I have one other point on the metropolitan counties, and this point was made in an article by Mr. Boynton, the well-known Clerk to the Cheshire County Council, with whom I have disagreed in most arguments in the last few years, although I happen to agree with him on this one important point. The metropolitan county will lack all the glamorous services which have obvious member appeal. They will not have housing, education or the social services, and the question is whether they will attract councillors of high calibre. People may want to go on to the district councils which have the services to which councillors are mainly accustomed. This is a danger which should be borne in mind.

As to the functions outside metropolitan areas I shall be brief. I still believe in the unitary system being better for these areas. I prefer it to the two-tier system; it is less confusing in every way. Nevertheless, this is water under the bridge. The Government will not change their minds on this so I will not waste time arguing the point.
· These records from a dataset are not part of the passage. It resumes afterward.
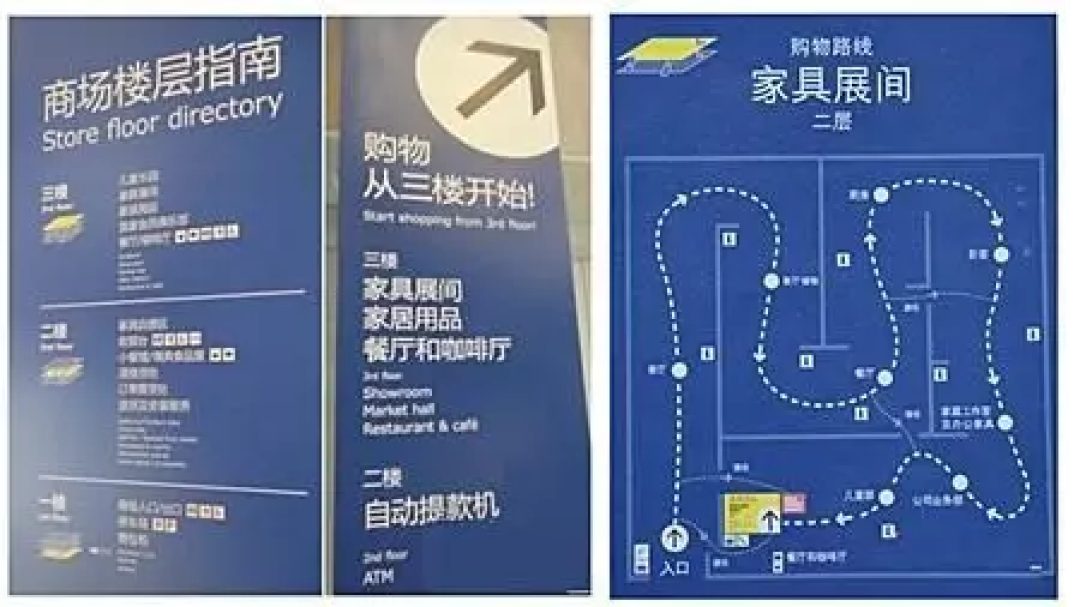 对不起!装修的时候没有设计师可以帮你解决这些问题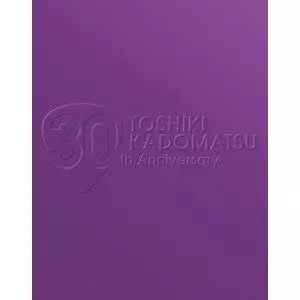 角松敏生『TOSHIKI KADOMATSU 30th Anniversary』 Amazon.co.jp: TOSHIKI KADOMATSU 30th Anniversary Live 2011.6.25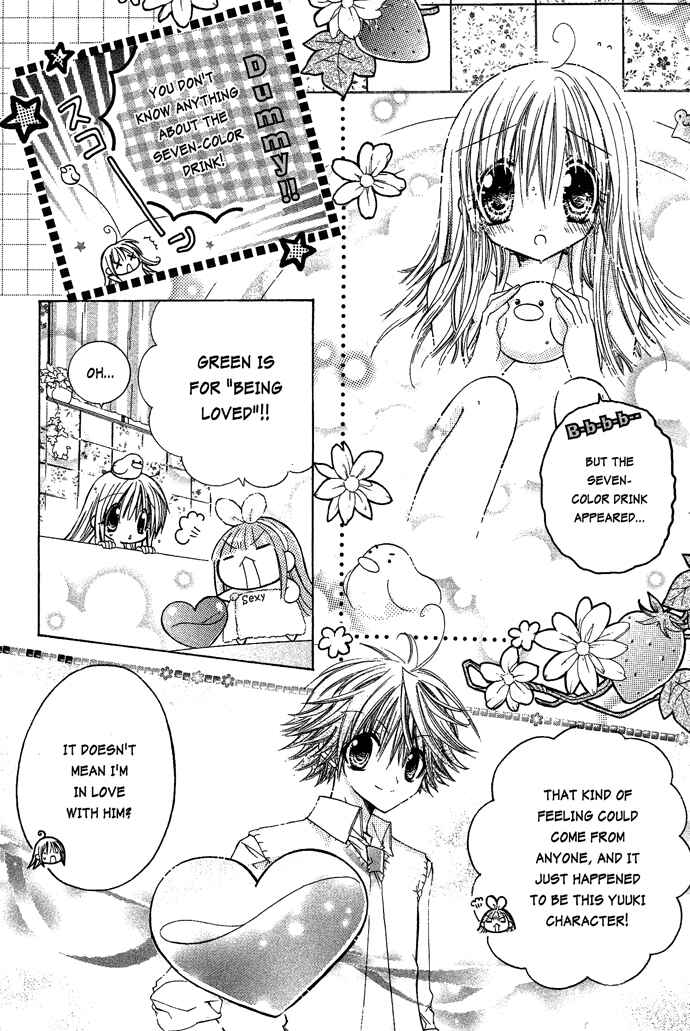 Page 6 Chapter 13 Pixie Pop: Gokkun Pucho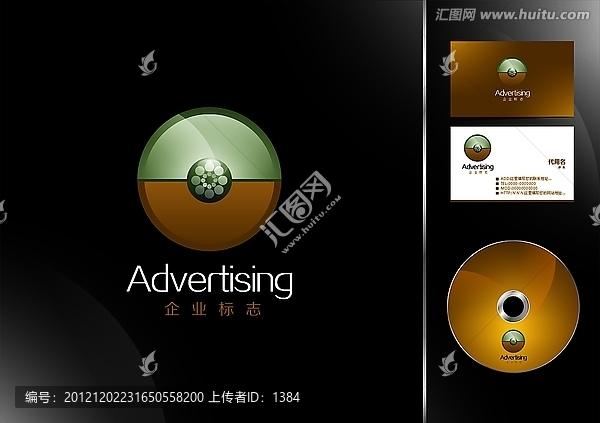 公司標志,logo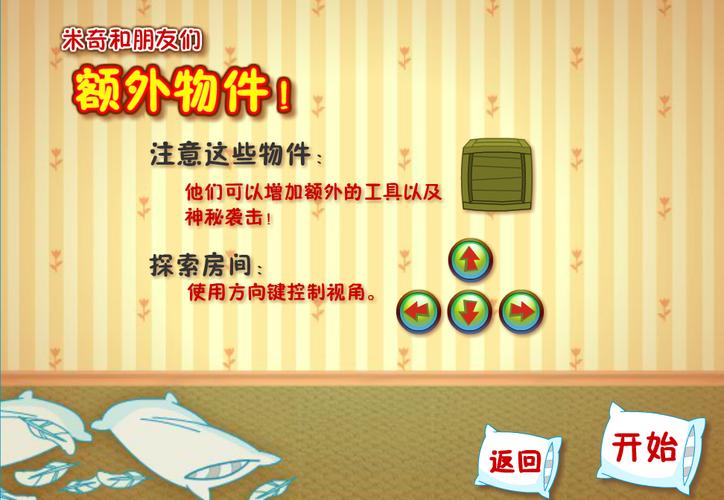 米奇枕头大战，欢乐与创意的完美融合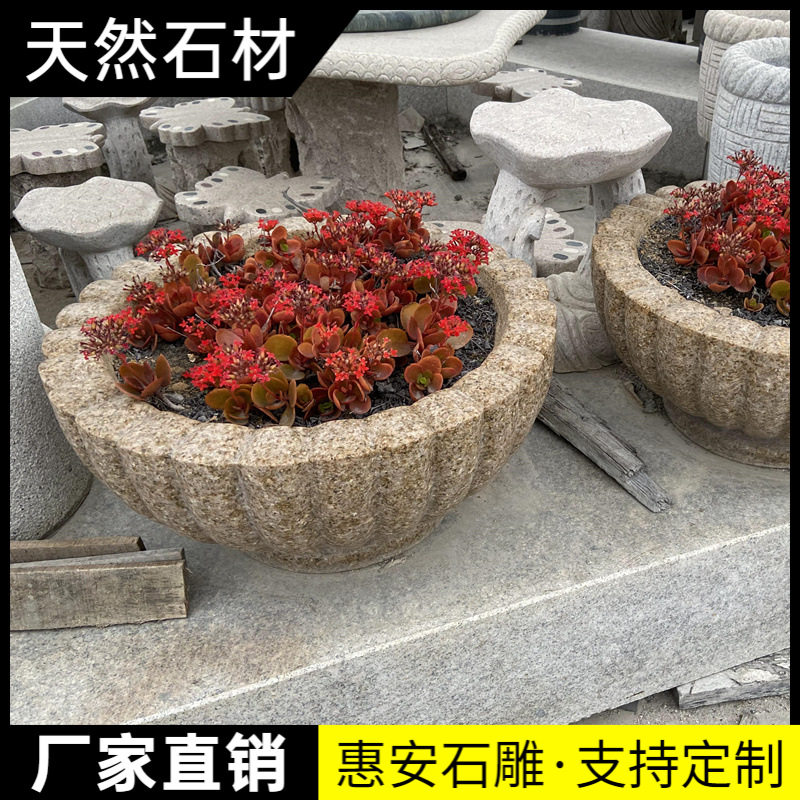 石雕仿古做旧青石鱼缸花盆大理石水缸石槽子庭院养鱼造景装饰摆件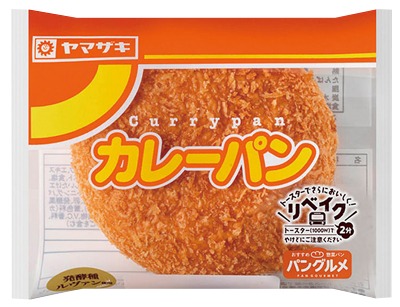 カレーパン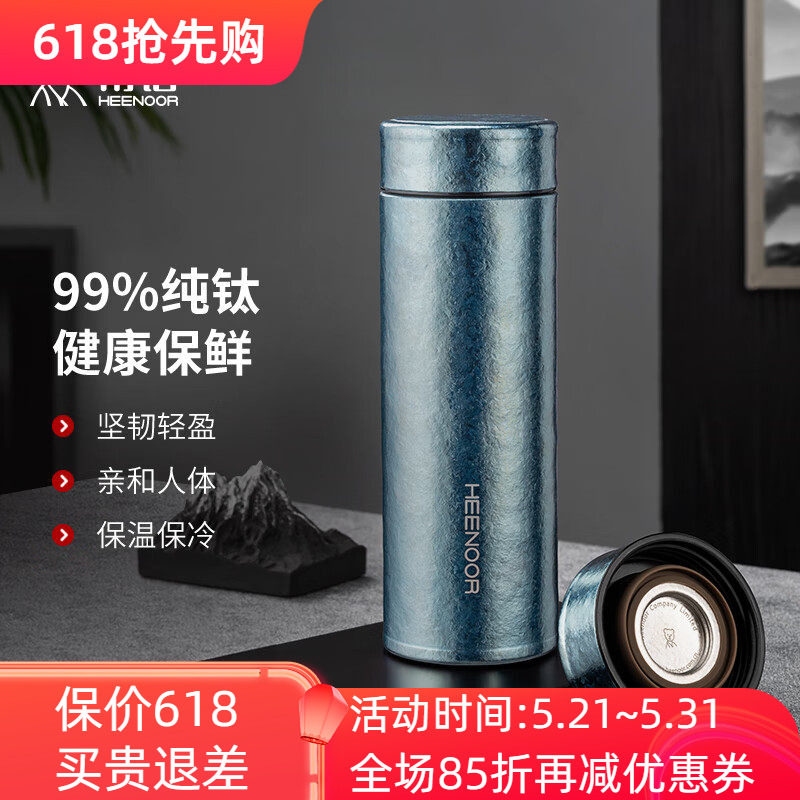 希诺纯钛保温杯男女士高档商务车载便携家用养生礼盒泡茶喝水杯子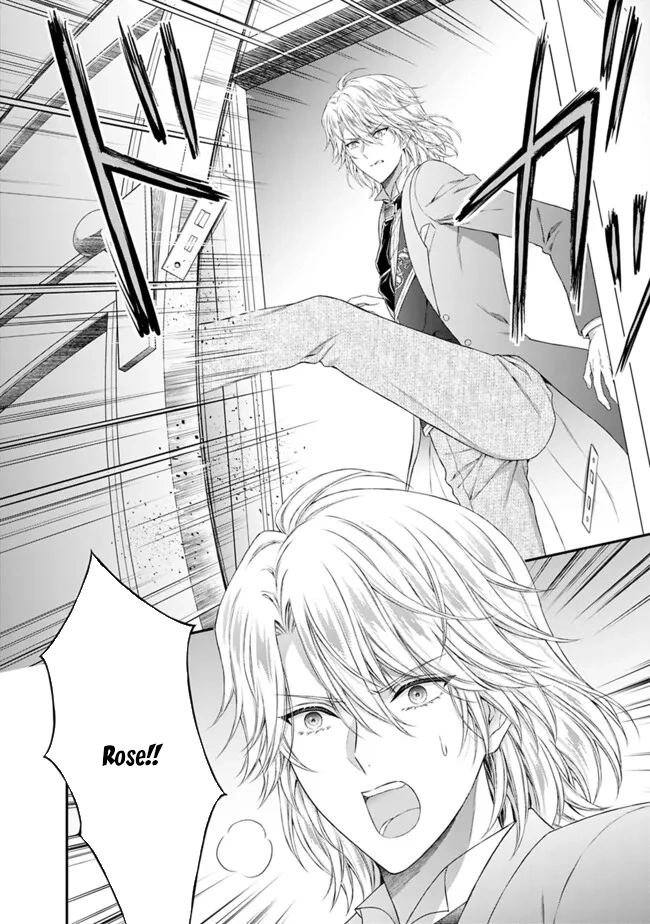 I’m Supposed to Become a Neglected Consort in the Future, but Something Feels Strange… Chapter 13 Page 16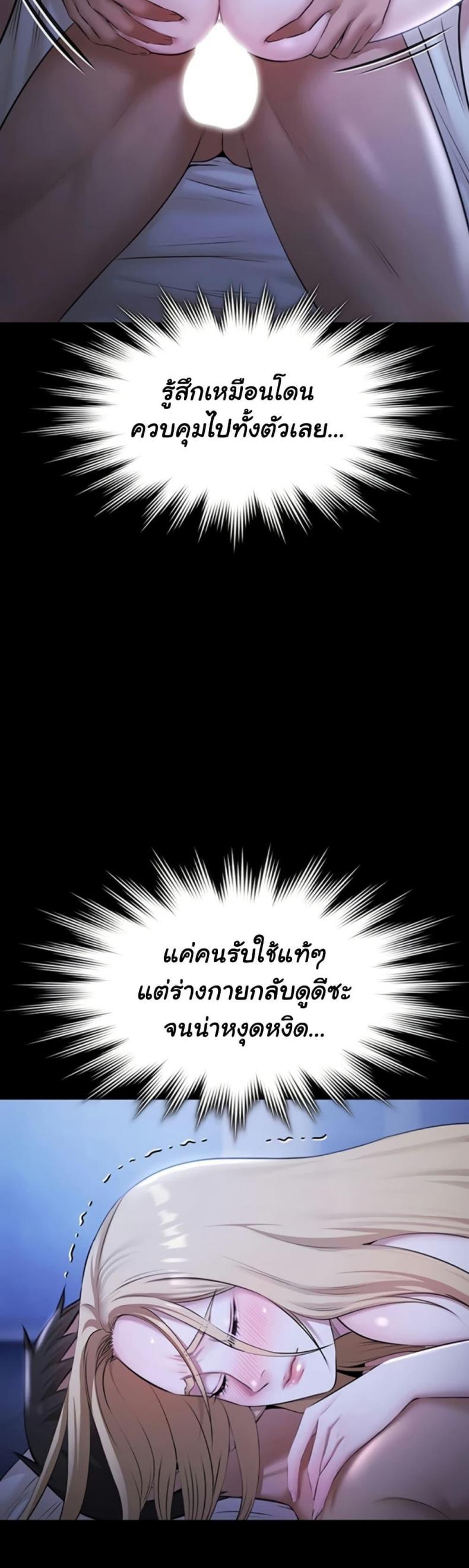 page-15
Any two-tier system must produce a certain element of confusion, as this one does. I agree with the right hon. Gentleman that, if there are two tiers, housing must go to the district tier, otherwise the districts would have no credibility. This means that, contrary to all the Seebohm Report says, housing management is separated from the personal social services. Planning is split right down the middle, with the overall responsibility with the county and development control with the district. True, there is to be a joint planning staff, but how this staff will reconcile its loyalty to its two masters is hard to see, and it may be particularly difficult when, as will often be the case, the county is Conservative and the district is Labour.

The personal social services, contrary to the Seebohm Report, are divorced from housing management. Considerable problems will arise in dealing with the homeless, for instance, if these two services are run by authorities on two different levels. The importance of cooperation between these authorities, and of bringing the administration, at any rate, down to a very local level, cannot be exaggerated.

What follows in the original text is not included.